SOURCE MATERIAL Start Marker
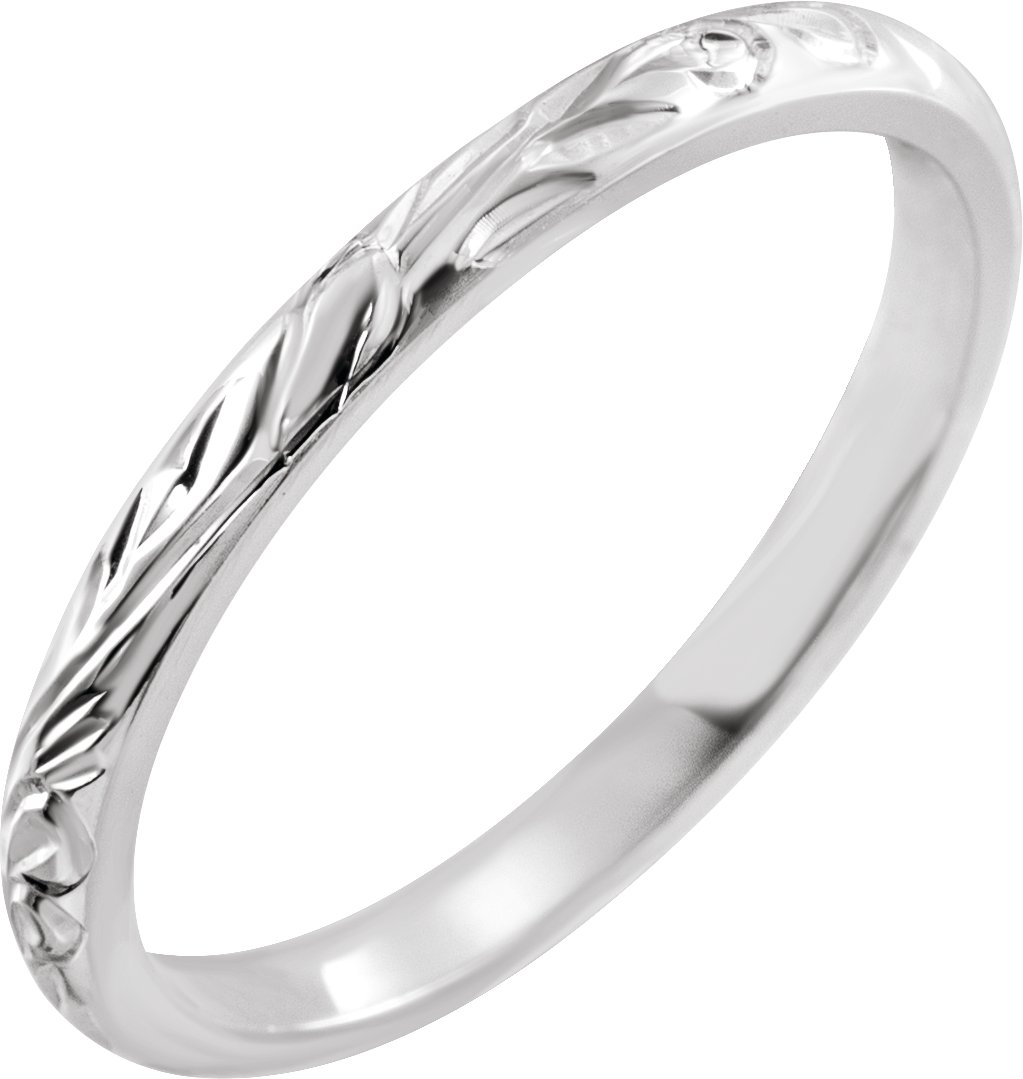 14K White 2 mm Design-Engraved Band Size 6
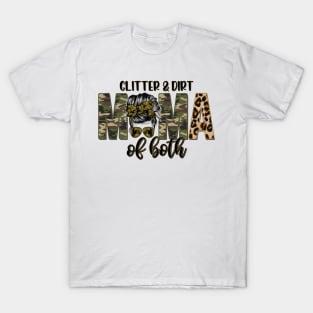 Dirt Bike Motocross Glitter And Dirt Mama Of Both T-Shirt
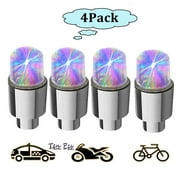 LNKOO 4 Pack LED Bike Wheel Light - Car Bike Wheel Tire Valve Cap Led Flash Light Lamp Motion Activated,Led Flash Tyre Wheel Valve Cap Light for Car Bike Bicycle,4 Pack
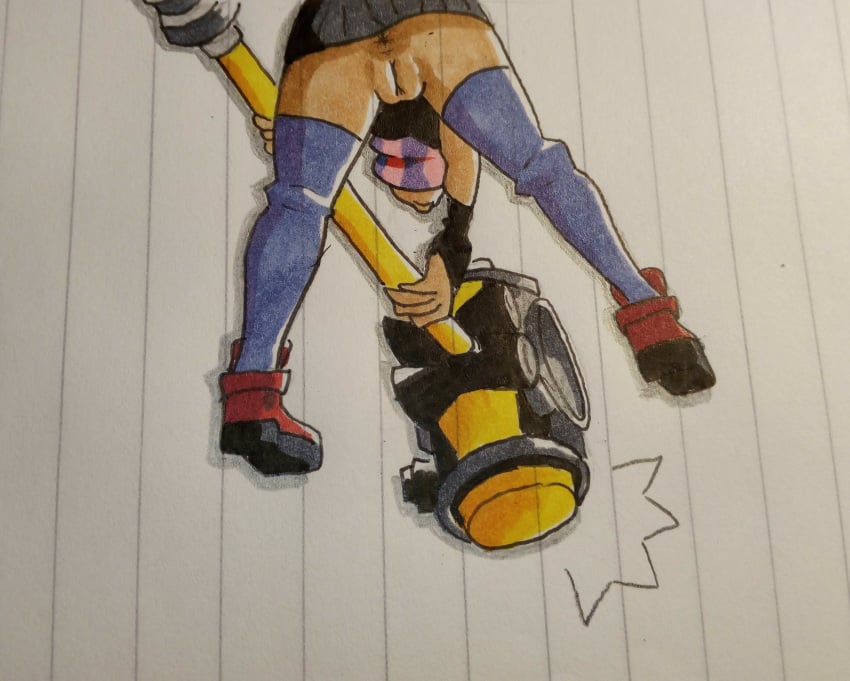 anus hand_drawn legs_apart lethal_league no_panties pussy scarf skirt sonata_(lethal_league) upskirt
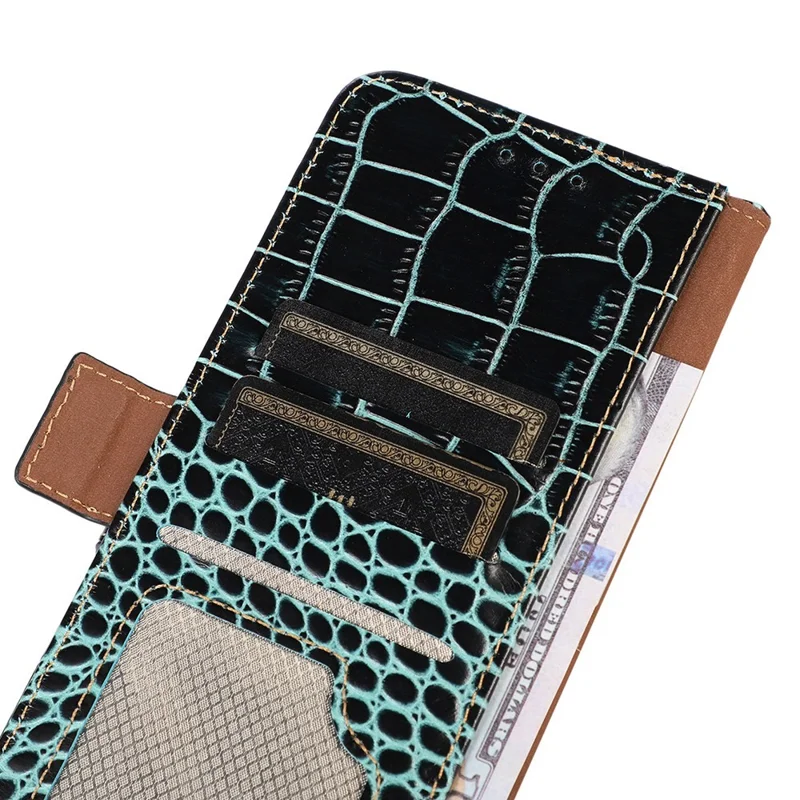 For Samsung Galaxy A54 5G Crocodile Texture Phone Case Genuine Cowhide Leather Wallet Stand RFID Blocking Anti-drop Cover - Green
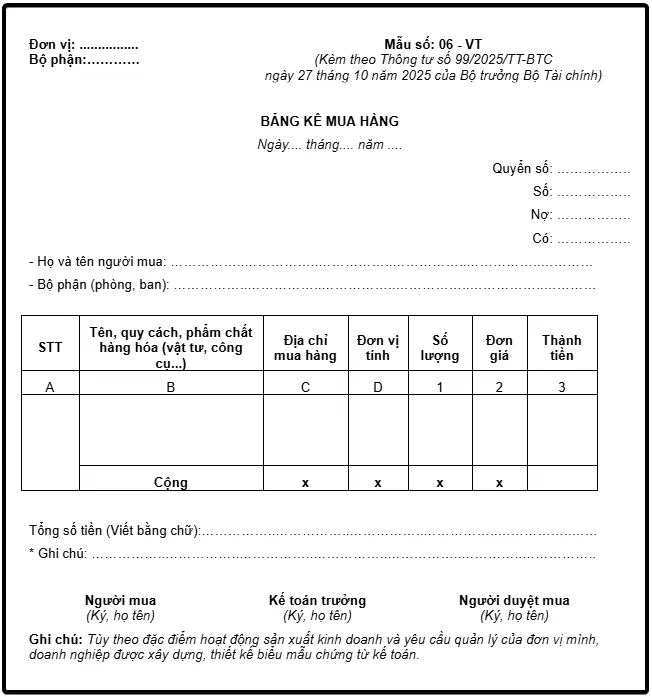 Mẫu bảng kê mua hàng theo thông tư 99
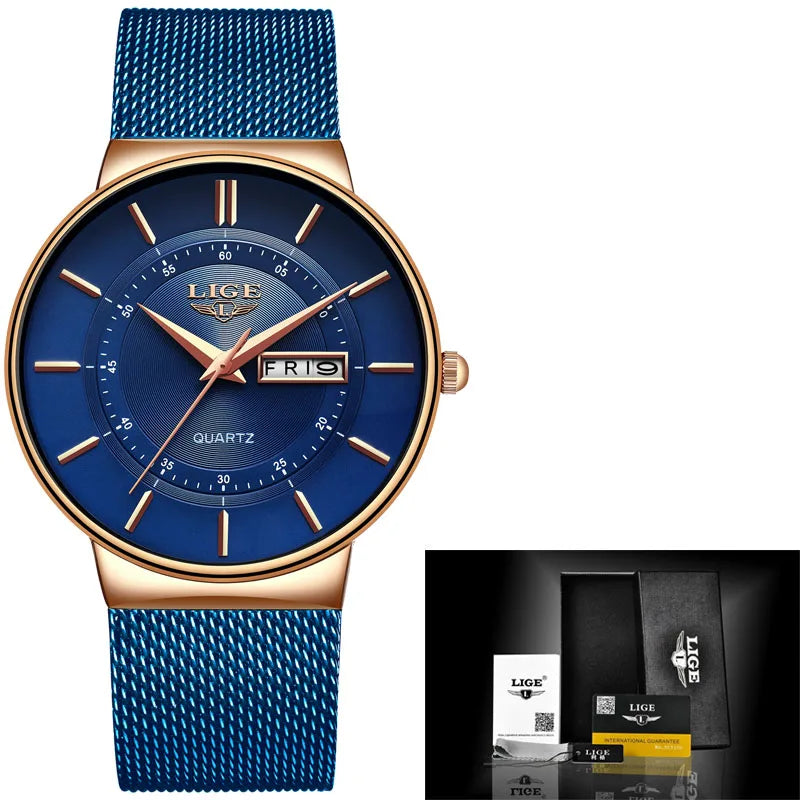 Women Watches LIGE Top Brand Luxury Date Week Dial Bracelet Woman Wrist Watch Female Waterproof Quartz Clock Relogios Feminino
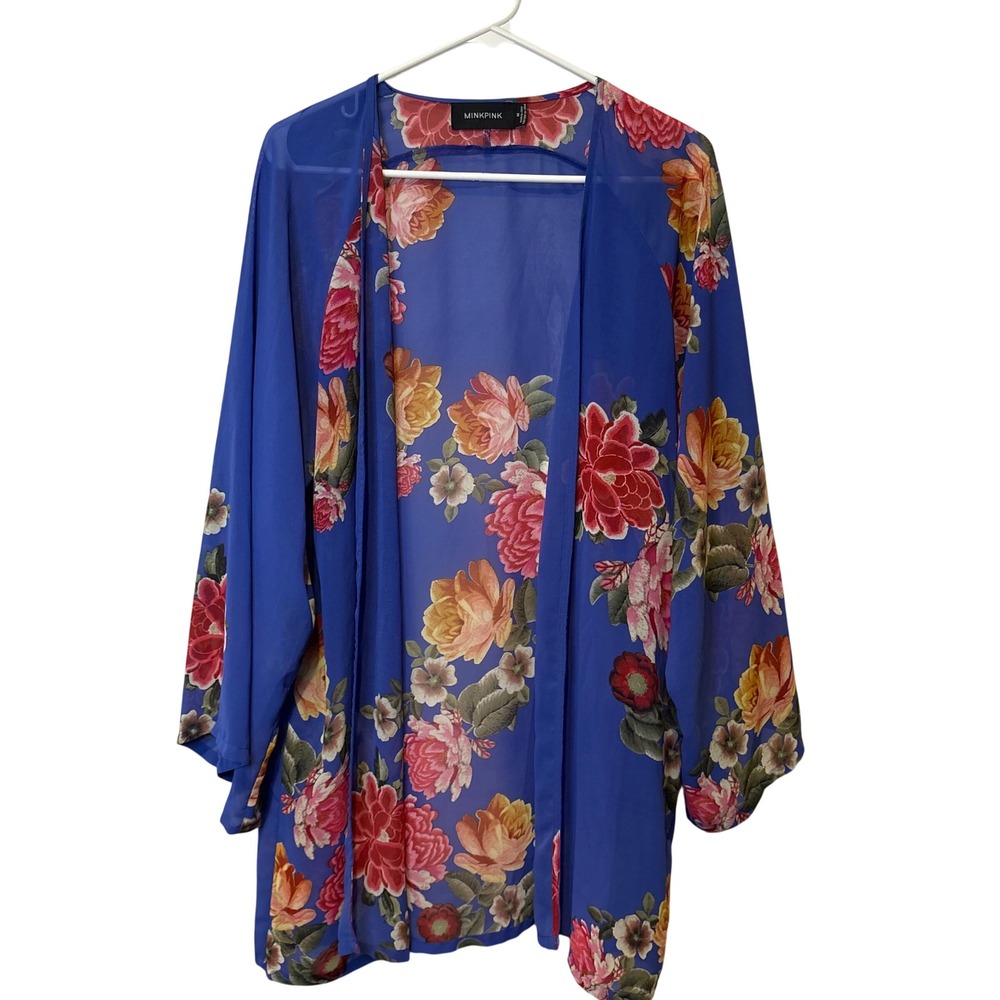 MINKPINK Kimono Cardigan Women M Blue Floral Sheer Chiffon Boho Open Front Layer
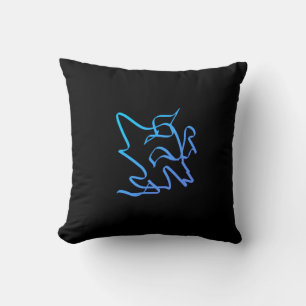 Abstracte Kunst Minimalistische Turquoise Zwarte K Kussen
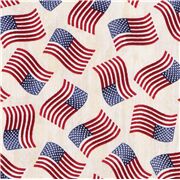 tessuto bianco tossed mini USA flags cotton fabric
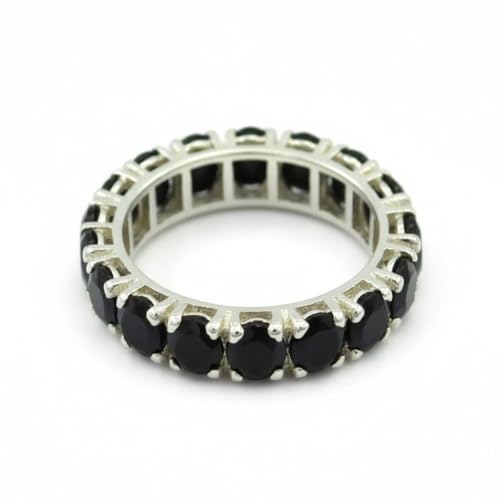 Image of 55Carat Choose Your Color Natural Gemstone Sterling Silver Band Ring Birthstone Friendship Love Size 5-13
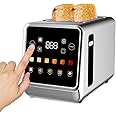 Toaster Touch Screen Toaster 2 Slice with LCD Display Stainless Steel Digital Timer Toaster 6 Bread Types& 6 Shade Settings Smart Extra Wide Slots Toaster With Bagel Cancel,Defrost Functions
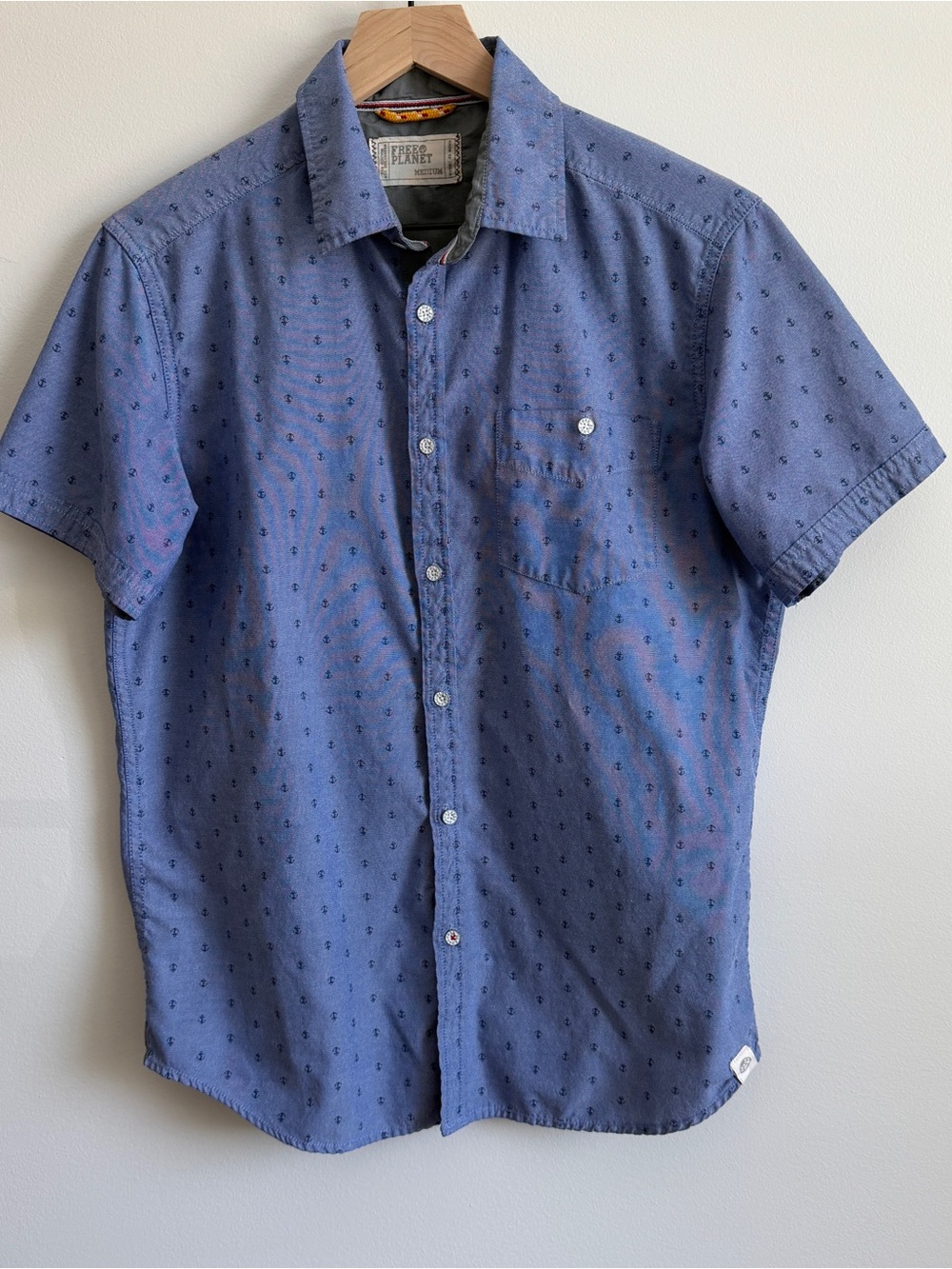 Free Planet Short-Sleeve Button-Down in Denim Blue with Micro Anchor Print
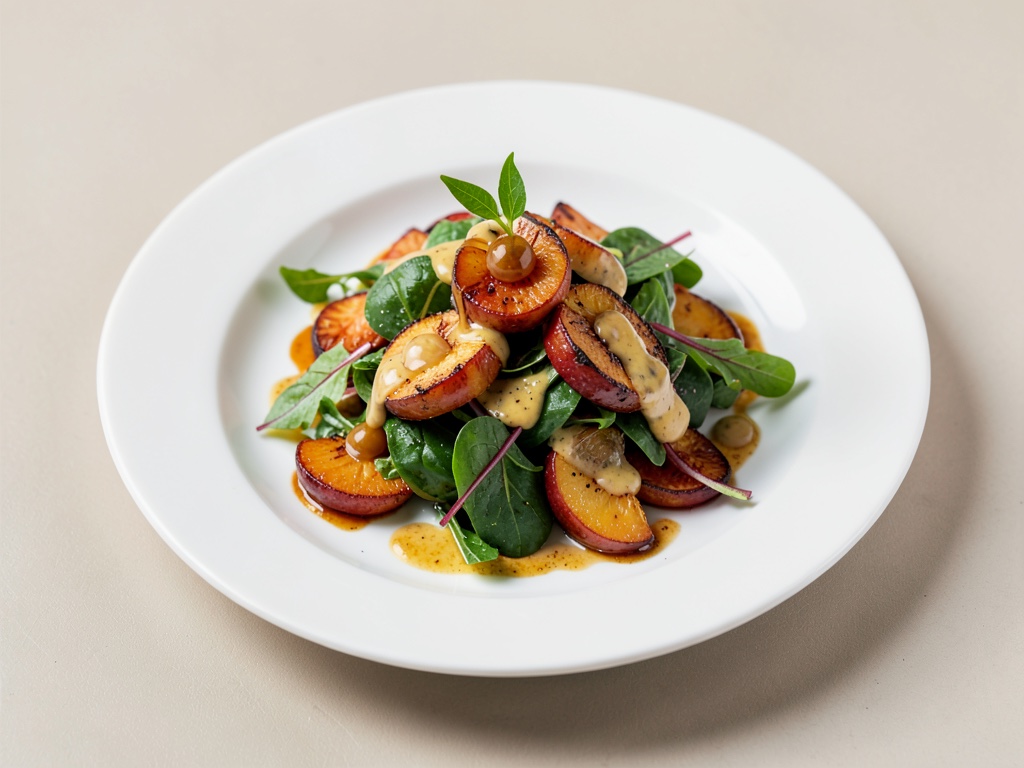 Insalata di pesca e rucola tostata con condimento al miele e senape di mostarda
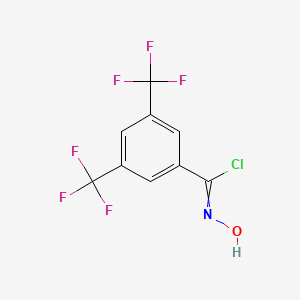 molecular formula C9H4ClF6NO B12612515 N-Hydroxy-3,5-bis(trifluoromethyl)benzene-1-carboximidoyl chloride CAS No. 902492-10-8
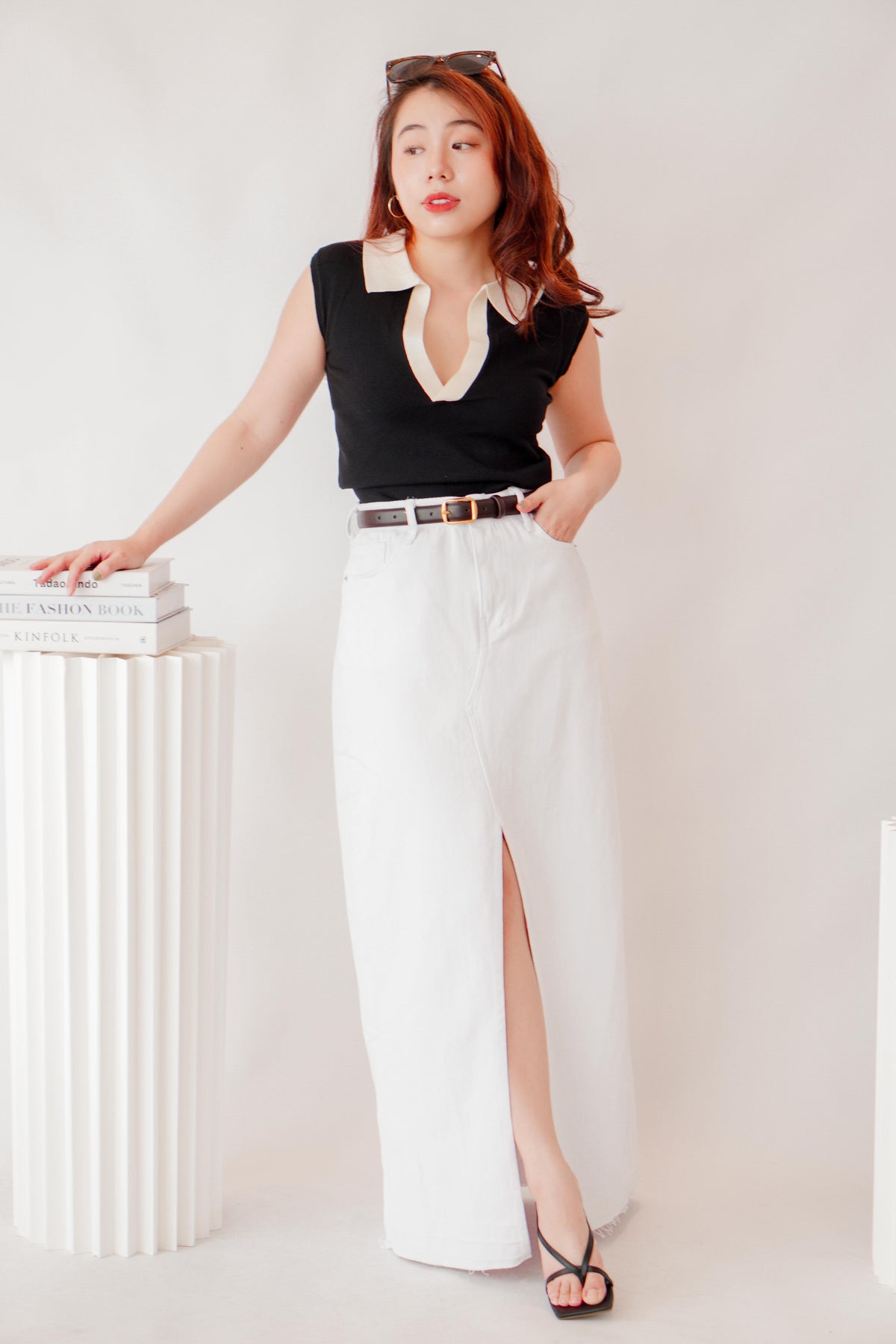 Juniper Maxi Denim Skirt in White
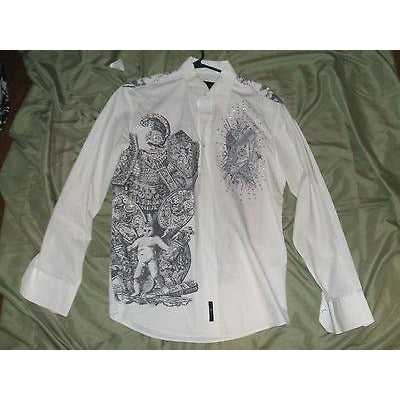 BG mens casual designer dress shirt with graphic medium Preowned Good Condition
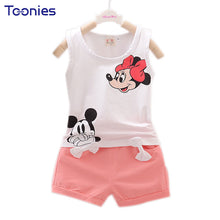 Hot Sale New summer Toddler Girls Clothing Sets Cartoon Vest + Shorts 2 Pcs Kid Suits Children Clothing Sets 4 Color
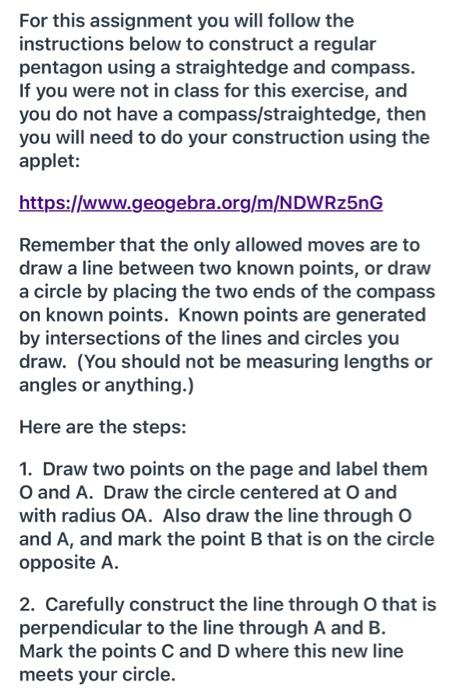 Solved For this assignment you will follow the instructions | Chegg.com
SOURCE MATERIAL End Marker
TASK DIRECTIONS: Beginning with the line above that contains "Free Planet Short-Sleeve" and finishing with the line that contains "BG mens casual", print those lines exactly and only. Skip all pictures.

YOUR RESPONSE:
 Free Planet Short-Sleeve Button-Down in Denim Blue with Micro Anchor Print
 Insalata di pesca e rucola tostata con condimento al miele e senape di mostarda
 molecular formula C9H4ClF6NO B12612515 N-Hydroxy-3,5-bis(trifluoromethyl)benzene-1-carboximidoyl chloride CAS No. 902492-10-8
 Juniper Maxi Denim Skirt in White
 BG mens casual designer dress shirt with graphic medium Preowned Good Condition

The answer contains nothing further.